S'agissant des structures internes de l'institution, on relève un Conseil de gouvernance, composé de douze membres nommés par les États et organisations internationales participant à la Facilité. C'est l'organe auquel sont dévolus tous les pouvoirs de la Facilité. Un Conseil de gestion est institué, qui est l'instance chargée de conduire les opérations générales de la Facilité. Il désigne le Directeur de l'institution, approuve le budget annuel et les programmes de travail, le règlement intérieur et autres procédures et soumet les propositions de reconstitution des fonds. Il est composé de cinq personnes de bonne moralité possédant des compétences dans les domaines juridique et financier ainsi qu'en matière de développement, qui sont désignées par le Conseil de gouvernance.
Le Directeur de la Facilité est choisi par le Conseil de gestion pour cinq ans ; il est assisté par une équipe encore restreinte, de six conseillers juridiques à plein temps, dont un mis à disposition par la France, et de deux assistants sous l'autorité du directeur. Cette organisation permet à la Facilité de garantir des capacités institutionnelles et organisationnelles adéquates et d'assurer la réactivité opérationnelle nécessaire.
La charge de travail de la Facilité est en constante augmentation, puisque 17 projets ont été approuvés par le Conseil de gestion en 2013 contre onze en 2012, et que quarante autres étaient à l'étude à la fin de l'année dernière contre vingt en 2012. Au mois d'août dernier, la Facilité avait des projets en cours dans 35 pays. Cette montée en puissance traduit l'adéquation de la réponse qu'elle apporte aux besoins de ses membres sur des créneaux qu'elle est parfois seule à occuper, comme celui de la lutte contre les fonds vautours. Elle est devenue une institution incontournable aux yeux des pays africains cherchant à négocier ou à renégocier des contrats commerciaux complexes. L'évolution des contributions volontaires qu'elle reçoit témoigne aussi du bilan considéré comme très positif, puisque certains bailleurs la financent sans en être membres, comme la Norvège ou les États-Unis.
Je vous invite à vous prononcer sans réserve en faveur de l'adoption du projet de loi qui nous est présenté, en vous précisant que la France n'y adhère qu'aujourd'hui parce que la rédaction initiale de l'Accord donnait au seul Conseil de gouvernance la possibilité d'amender le texte. Notre pays a plaidé, avec succès, pour une révision de cette disposition afin de redonner compétence aux États parties, ce qui a été fait en 2012. L'article 26 prévoit maintenant que l'accord ne peut être modifié que par approbation de la majorité des parties. Rien ne s'oppose plus à ce que la France rejoigne cette institution.

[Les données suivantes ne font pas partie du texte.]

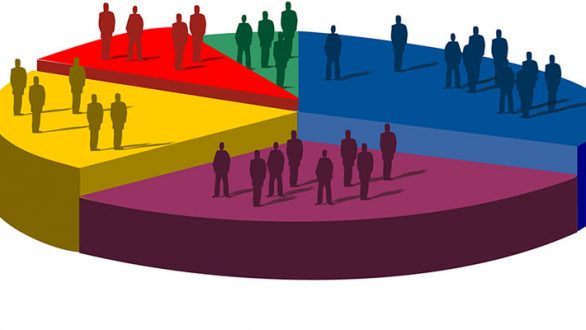 Πότε θα γίνει η επόμενη απογραφή πληθυσμού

Croyez-vous que la mise en oeuvre effective de cet accord soit possible, compte-tenu de la situation institutionnelle fragile de la plupart des États africains ? Par ailleurs, Madagascar est-elle partie à cet accord ?
C'est évidemment une longue marche pour les États africains. Mais j'ai bon espoir que l'accord soit susceptible d'atténuer un peu l'asymétrie observée entre les multinationales et les États africains. D'ailleurs, la République démocratique du Congo vient de remporter un procès contre un fonds vautour, c'est une première ! Quant à Madagascar, elle a adhéré à l'accord le 5 septembre 2008.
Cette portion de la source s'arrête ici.